Ironically, the disconcerting stretch was the 23-11 run they had from the All-Star break through their Round 1 series against Chicago. A lot of their newfound success came as a result of John Wall suddenly shooting over 40 percent from three (46-for-113) despite shooting just 32.1 percent from three over the first 53 games of the season, and a dreadful 24.3 percent over his first three seasons in the league.

In other words, yes, Washington made a big step forward at the end of last season, but to assume they continue that performance would be to assume John Wall sustains what statistically would seem like an unsustainable rate of success shooting three-pointers.

The first month of the season or so could be rough. If Wall regresses back to his previous level of long-range accuracy, it will be tough to find spacing, as Bradley Beal will be out of the lineup with a wrist fracture. Last year’s small forward, Trevor Ariza (40.7 percent from deep) has been replaced by Paul Pierce, who has shot just 37.4 percent from deep over his last four seasons. Having Pierce for the first month will probably actually be better than having Ariza, if only because Pierce is a better shot-creator off the dribble, and Washington will need that with Beal out of the lineup, but once Beal returns, Pierce becomes somewhat redundant, and it would probably be better to have someone like Ariza, who can just spot up in the corner and stay out of the way. With Beal back in the lineup, Martell Webster will probably see an expanded role.

The biggest question for Washington’s offense, however, is whether or not Randy Wittman has gotten over his infatuation with taking the first available good shot. With that offensive system, the Wizards usually end up taking a lot of long twos. Washington took the fourth-highest percentage of their field goal attempts from 16-23 feet from the basket (and were only 0.1 percent behind second-place Chicago), which is a problem, because they convert those shots at just the 20th-best rate in the league (38.4 percent; league average is 39.5 percent). If they were a team that was particularly accurate from that area, it would make for an efficient offense (more on that in the Portland section), but they aren’t, so it’s not. Washington needs to solve this before they can be taken seriously as an Eastern Conference contender.

Player To Watch: Bradley Beal

Not only is he out for the first 4-6 weeks of the season, he’s out with a broken wrist, which, if you don’t know, is kind of important in the mechanics of a jump shot. Luckily for him it’s his left wrist, not his right, so it won’t affect his shot too much, but it’s more likely than not that Beal comes back and shows a decent amount of rust on his jump shot. For an offense that’s already pre-disposed to taking low-efficiency shots, a rusty jump shot for probably their highest-leverage offensive player doesn’t bode well.

Beal has all the physical attributes and abstract basketball skills (shooting, dribbling, etc) to be a legitimate All-Star caliber player, and possibly even the best shooting guard in the league. But the offensive system that Washington runs holds him back, as does some of his own decision-making limitations.

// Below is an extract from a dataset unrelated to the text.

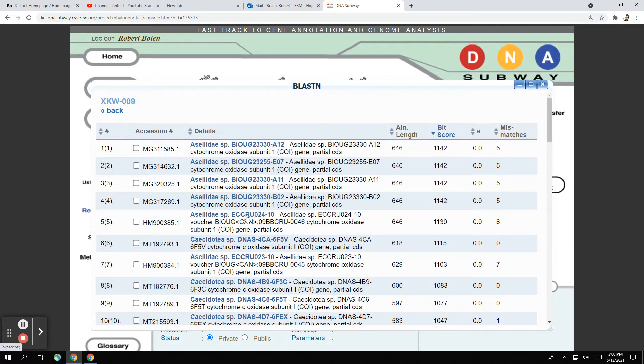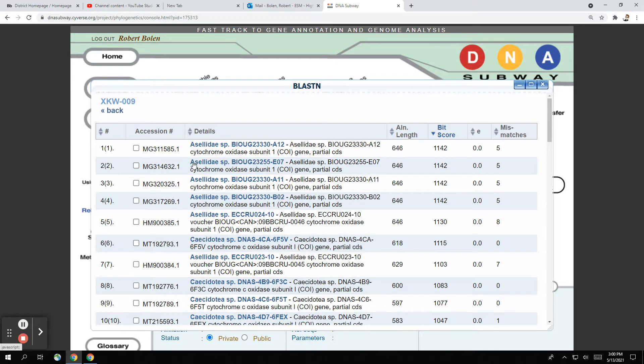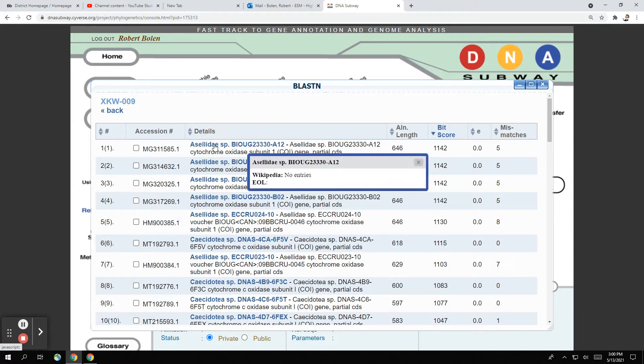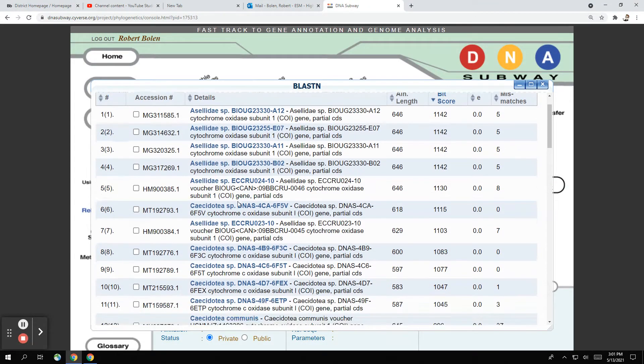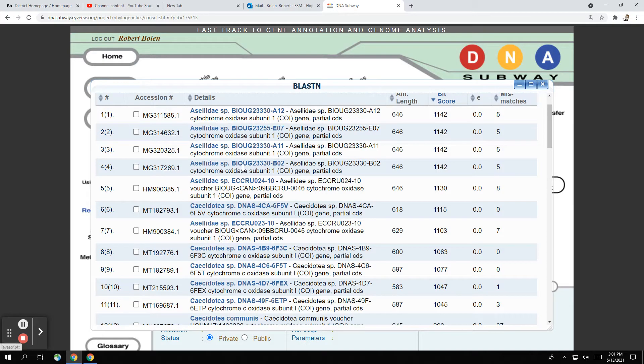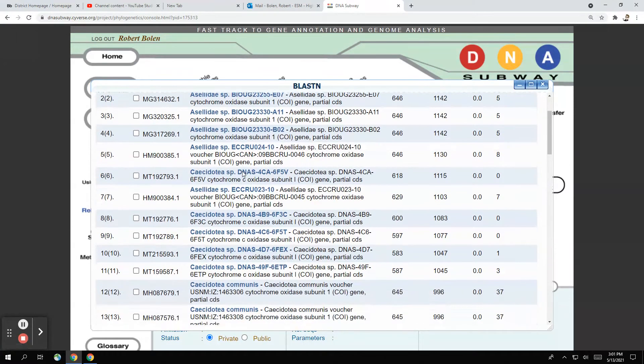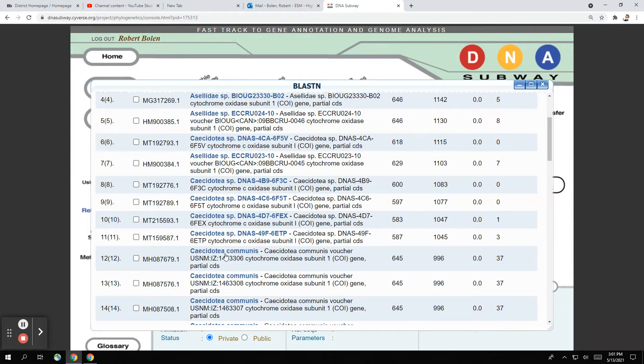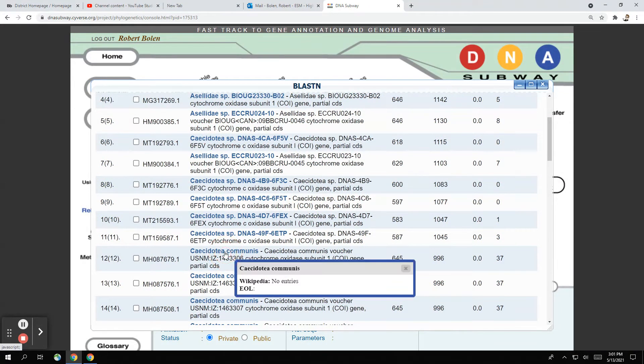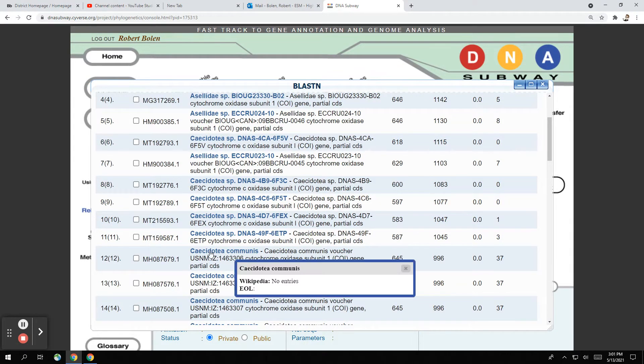So what you want to do is look for where you see a genus species name. All of these right here, this is called Asellidae. That's a family of different types of organisms, which we can't even see right now. The picture doesn't pop up. So what you want to do is scroll down until you get to this first one, which is Caecidotea communis. And if you click on that, usually it shows an image, but this is most likely our best hit that we can get.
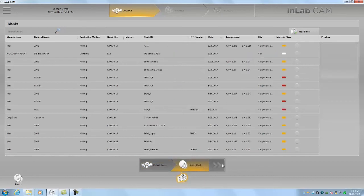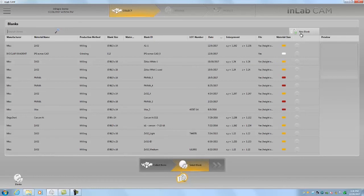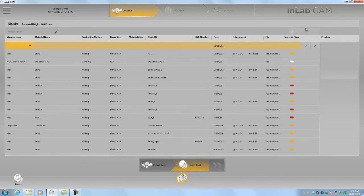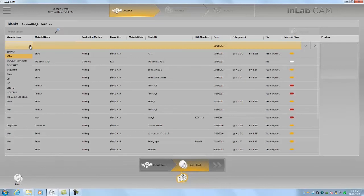Okay so again here we're going to choose a new blank since the Emacs blocks are single use, at least for the one that I'm doing. So we'll choose Ivoclar.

Washington’s offense has a number of sets that are designed to get Beal the ball on the wings, usually for him to catch the ball on the move, curling around a screen. For the most part, those touches involve him simply rising and firing, or giving an escape dribble to get around someone coming to hedge off the pin-down. But when there isn’t a defender hedging the pin-down, too often does Beal simply take the shot he has, 16-18 feet from the hoop, instead of attacking into the space in front of him. Regardless of whether or not Beal is being instructed to take the first open shot available to him, attacking unoccupied space with a straight line to the basket (or at least into the paint) is never discouraged (and, if I’m wrong, and that action *is* discouraged in Washington’s offense, then Randy Wittman needs to be fired for basketball malpractice and be publicly shamed in stocks in the center of town).

Other times, he should be able to set up the screener for an easy basket with a pocket pass when multiple defenders jump out at him. The area outlined in blue is the space on the court that Beal needs to make a better effort to get to. This isn’t exactly a revelation, as getting into the middle of the floor, right below the free-throw line, is about the most dangerous spot on the floor that a guard can be with the ball and a live dribble. But Beal has a surprising lack of shot attempts from that area of the floor, and his assist numbers aren’t as high as they could be. If he can make the next step and start being a threat in those areas, Washington should find themselves with home-court advantage in Round 1.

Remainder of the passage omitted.